Open è stata la cassaforte del potere renziano, sul sito era possibile leggere cifre e nomi dei finanziatori, imprenditori che in alcuni casi hanno avuto incarichi e ruoli pubblici. Questione di opportunità, vicende che lambiscono interessi in conflitto, ma di illecito non c’è nulla.

L’indagine della procura di Firenze sui finanziamenti alla fondazione, ritenuti illegittimi dalla pubblica accusa, è naufragata, si è chiusa, infatti, con il totale proscioglimento degli imputati. L’ex presidente del Consiglio, Matteo Renzi, ha commentato a stretto giro la decisione con parole di fuoco nei confronti dei magistrati inquirenti: «Uno scandalo assoluto per tutti quelli che avevano letto le carte, ho vissuto da appestato, peccato il pm vada in pensione senza pagare», chiedendo le pubbliche scuse.

Il riferimento è al magistrato Luca Turco, tre decenni in magistratura, impegnato anche nelle indagini sugli stragisti degli anni Novanta, che tra pochi giorni andrà in pensione. Proprio lui, insieme al collega Antonino Nastasi, e all’allora procuratore Domenico Creazzo, è stato destinatario anche di una denuncia da parte di Renzi per abuso d’ufficio e violazione della legge 140/2003, attuativa dell’articolo 68 della Costituzione (relativo all’immunità parlamentare), per dei messaggi WhatsApp finiti negli atti dell’indagine.
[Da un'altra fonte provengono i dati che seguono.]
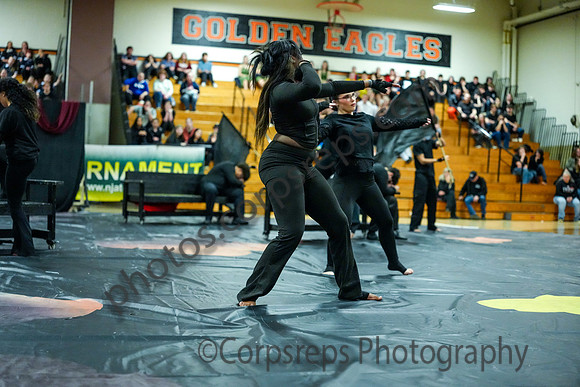 Johnstown Guard_260228_Tyrone-04597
Denuncia poi archiviata, ma altri sono stati i momenti di tensione nel corso dell’indagine che ha approfondito rapporti e finanziatori della fondazione renziana.

A partire dagli interventi della Corte di cassazione che hanno annullato i provvedimenti di sequestro, fino al conflitto di attribuzione sollevato dal Senato per i messaggi dell’ex primo ministro finiti negli atti dell’indagine, intesi come corrispondenza acquisita senza la necessaria autorizzazione della camera d’appartenenza. La Consulta ha poi stabilito l’inutilizzabilità delle chat sequestrate. Tutti gli altri imputati sono stati prosciolti: l’avvocato Alberto Bianchi, presidente fino alla chiusura della fondazione, gli ex ministri Luca Lotti, Maria Elena Boschi e gli imprenditori coinvolti.
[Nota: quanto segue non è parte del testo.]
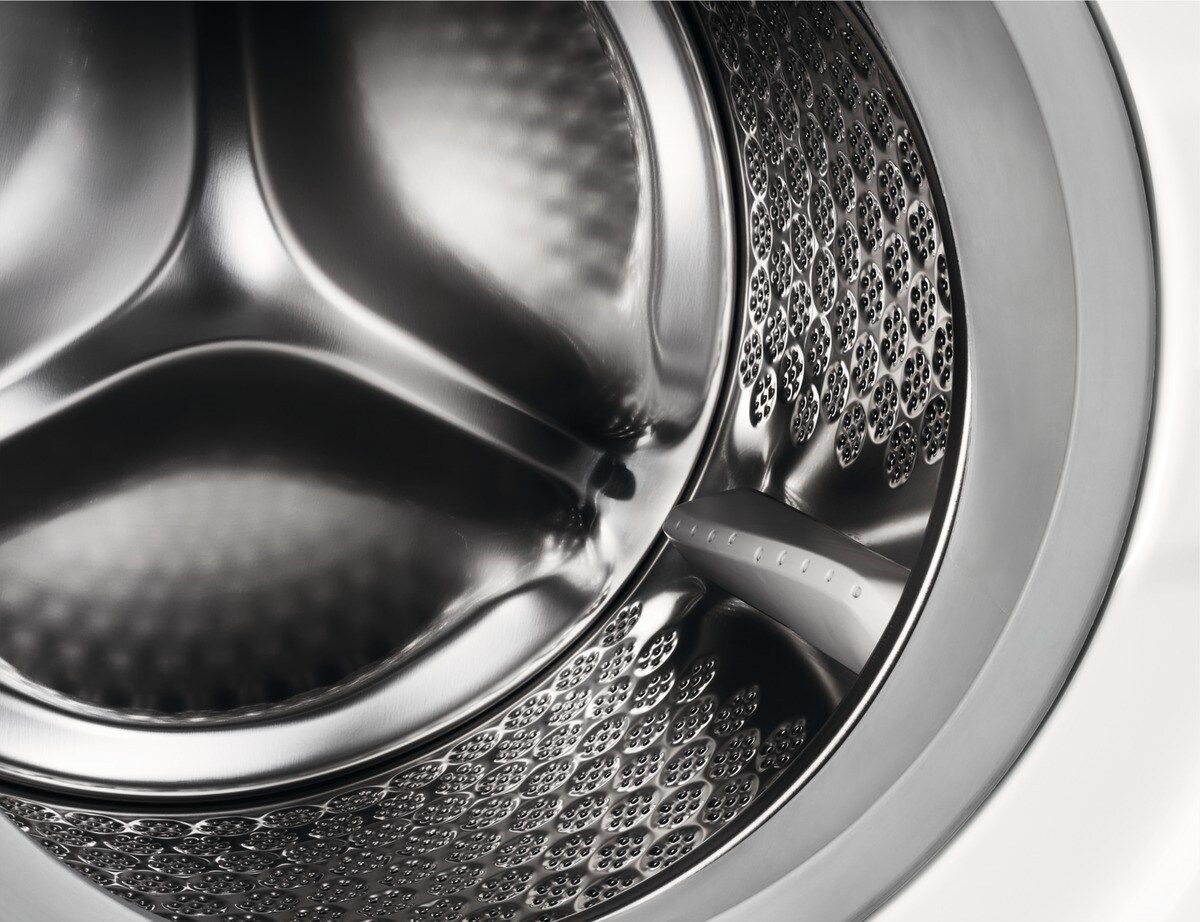 AEG wasmachine LWF62842 afbeelding 3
La fondazione che organizzava la Leopolda, il pensatoio renziano, raccoglieva contributi da cittadini e imprenditori, proprio su questi finanziamenti si era concentrata l’attenzione della procura. Cosa contestavano i magistrati? In pratica secondo i pubblici ministeri Open agiva come articolazione del Pd, allora guidato da Renzi, e riceveva così erogazioni in modo illegittimo violando la legge. I reati contestati erano finanziamento illecito, nei confronti dell’ex premier, di Boschi e Carrai, traffico di influenze, corruzione, autoriciclaggio ed emissione di fatture per operazioni inesistenti, a vario titolo contestati agli altri imputati.

La giudice del tribunale di Firenze, Sara Farini, ha spazzato via ogni ipotesi accusatoria a carico del Giglio Magico chiudendo definitivamente l’inchiesta sulla fondazione Open. Giudiziariamente non resta nulla, entro novanta giorni saranno depositate le motivazioni, ma permangono gli interrogativi e le questioni relative alla gestione della fondazione, ai rapporti con gli imprenditori tra nomine e scelte politiche.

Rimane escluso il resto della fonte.